I have noticed that filterSCE() may drop some data if there are some empty entries in the initial metadata spreadsheet.

HelenaLC commented 8 months ago

Can't reproduce this currently... Could you post your metadata table? I.e., metadata(sce)$experiment_info? As opposed to the tidy solution, which only subsets based on the colData, filterSCE is specifically designed to work within the CATALYST framework. E.g., it will also assure metadata are in synch. For example, the experiment_info will be recomputed after filtering (using internal CATALYST:::.get_ei()), and cluster_codes will also be adjusted. The only thing going wrong here, I can image, is something with the sample_ids, which are needed for the experiment_info to be set up correctly.

purisuto commented 8 months ago

Sorry it's been a while since I encountered the issue. But one thing that seems to work for me is to replace ei() in filterSCE() with this modified function, which still relies on sample_ids().

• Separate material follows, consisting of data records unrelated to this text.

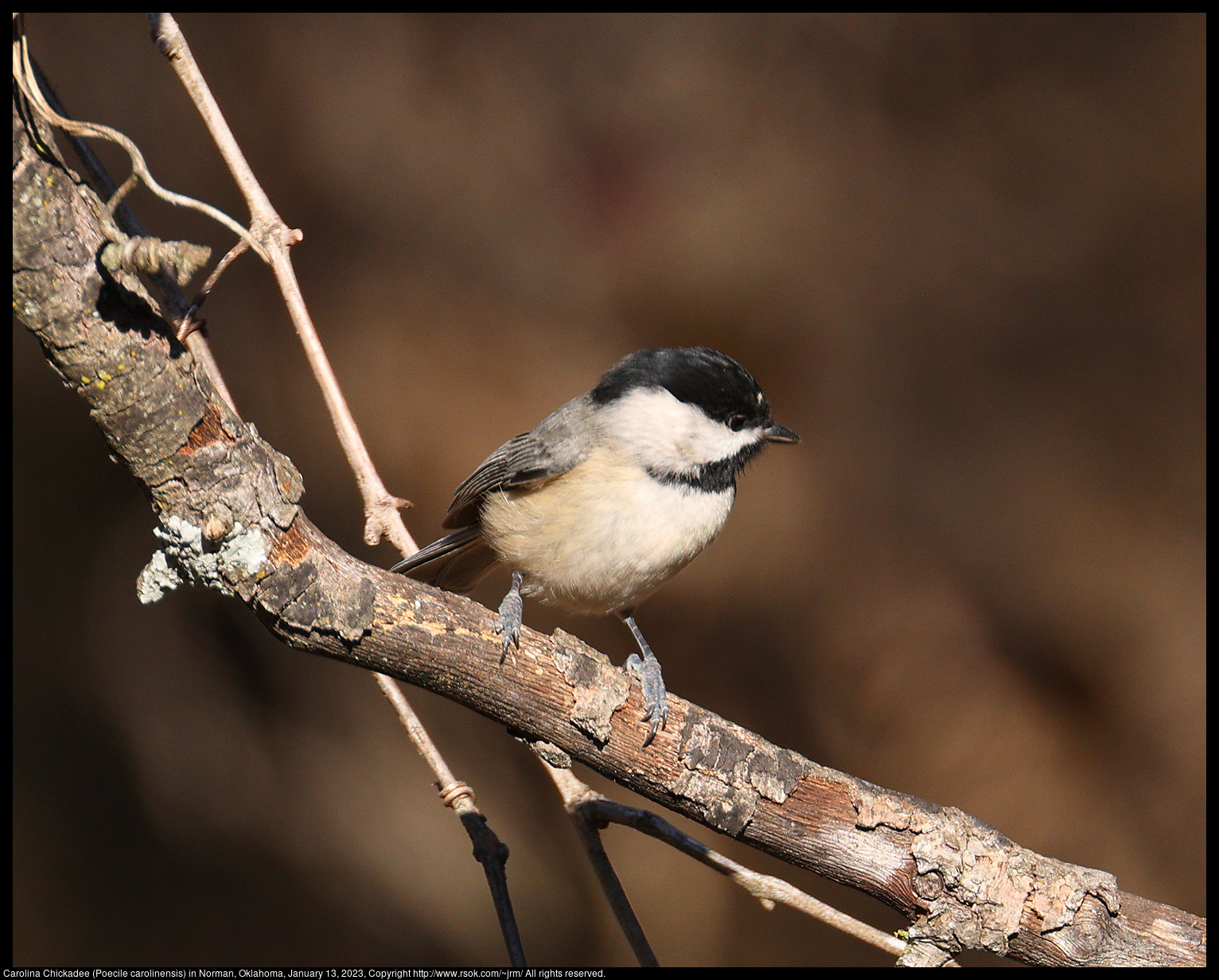 Carolina Chickadee (Poecile carolinensis) in Norman, Oklahoma, January 13, 2023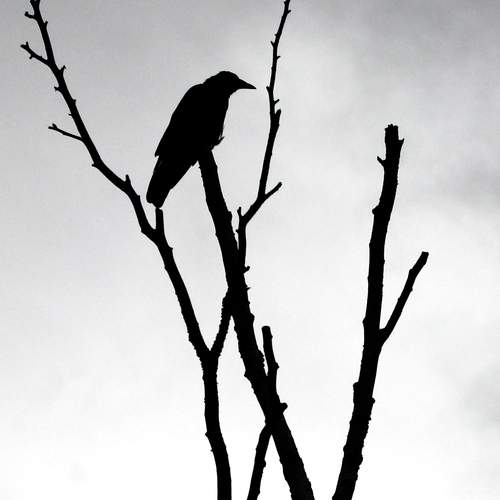 Photo #13087716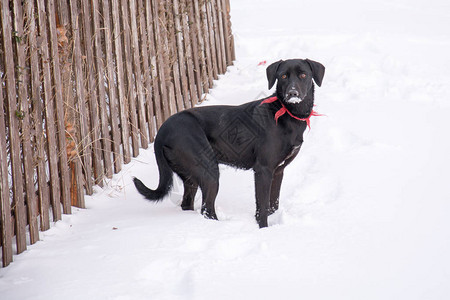 黑狗在雪地里玩耍图片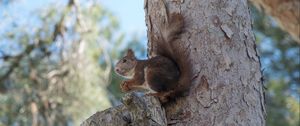 Preview wallpaper squirrel, tree, rodent
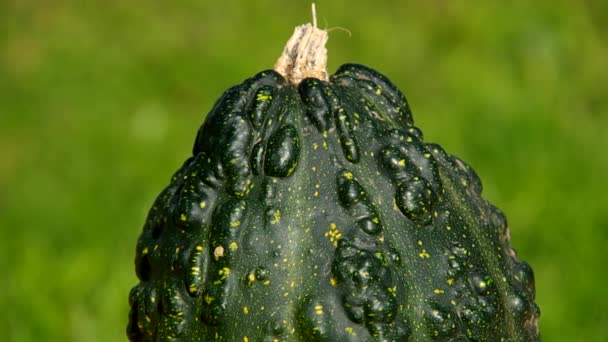 Una calabaza ornamental grande — Vídeo de stock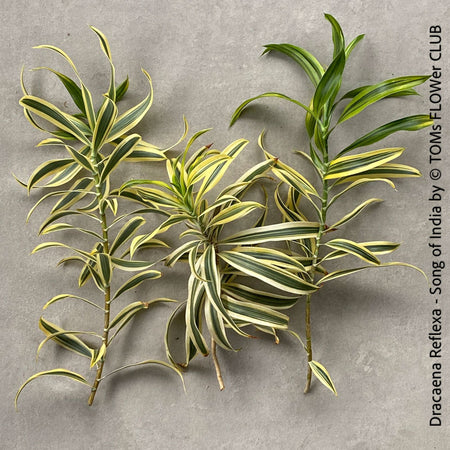 Dracaena Reflexa plants, called also Song of India, organically grown plants and cuttings  for sale at TOMs FLOWer CLUB.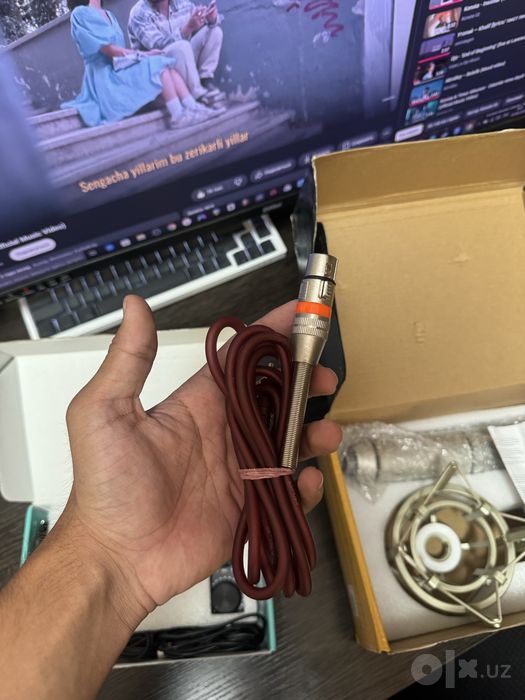 Professional Condenser Microphone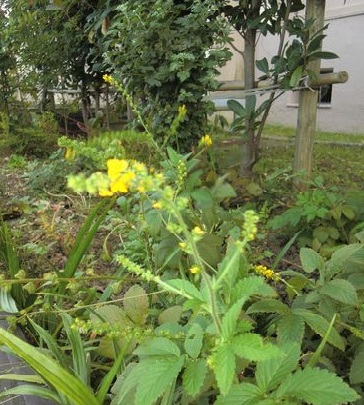 キンミズヒキ （拡大表示）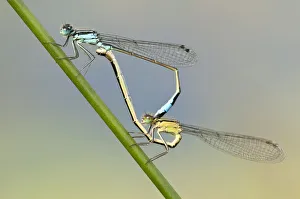 Images Dated 25th July 2011: Common blue damselfly {Enallagma cyathigerum}, mating pair, Little Bradley Ponds, Devon, UK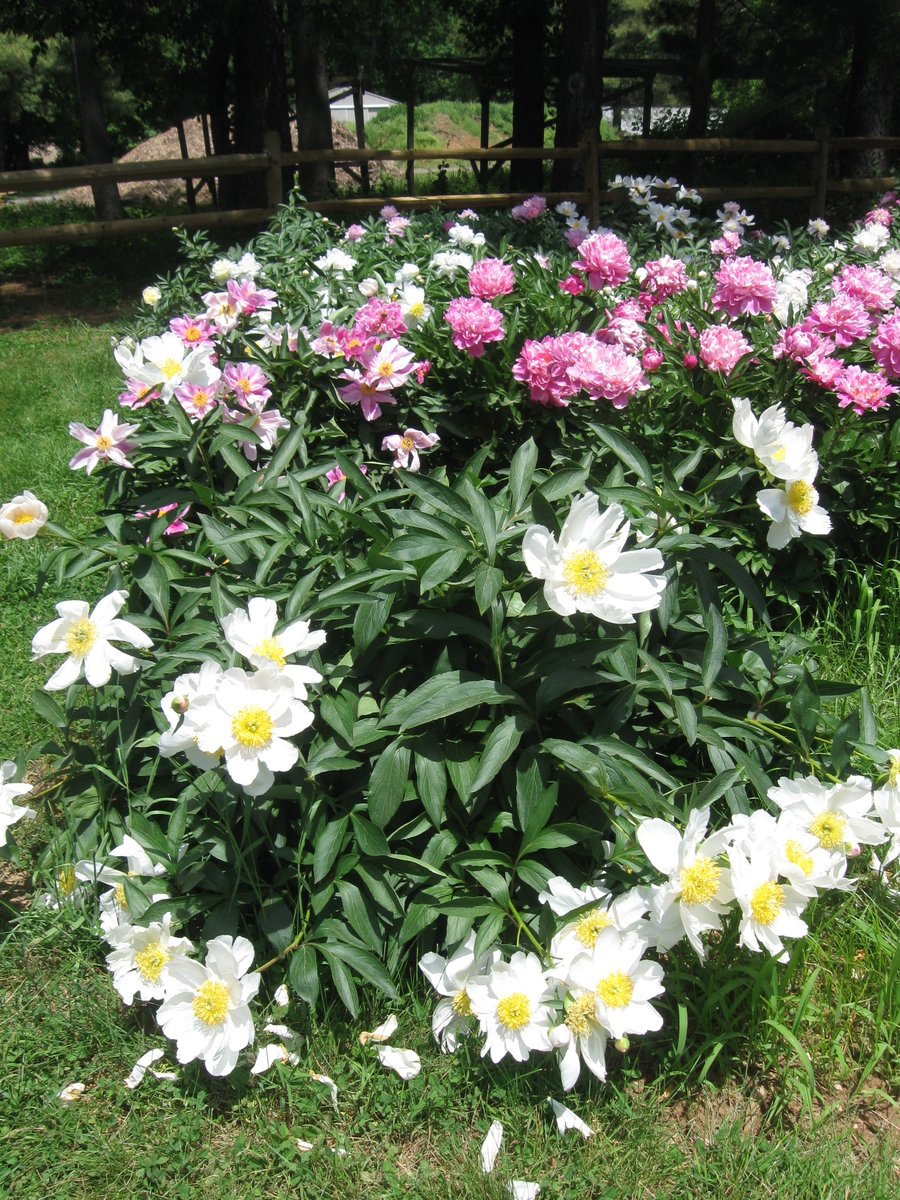 Garden Tip of the Day: Annuals live for one growing season. Perennials die-back in winter, then return for the next growing season. Some perennials though are short-lived and only come back for a few years (mums), while others can live for decades (peonies). #gardendc #gardening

ei2 <- function(sce, meta = c("patient_id"))

{
# Make a data frame of sample_ids
ns <- table(sample_id = sample_ids(sce))
df <- as.data.frame(ns)
m <- match(df$sample_id, sce$sample_id)

# Extract metadata
for (i in meta) df[[i]] <- sce[[i]][m]

return(df)
}
HelenaLC commented 8 months ago

Yeah, sure, that works in certain cases- the issue is that match will return the 1st matching entry, and there is no guarantee that sample_ids match uniquely to what's in the SCE's colData. This could result in discrepancies that may go unnoticed. E.g., cells from a given sample_id will have different cluster_ids- that's what's "special" with how .get_ei() constructs the metadata: only variables that match uniquely to sample_ids will be retained.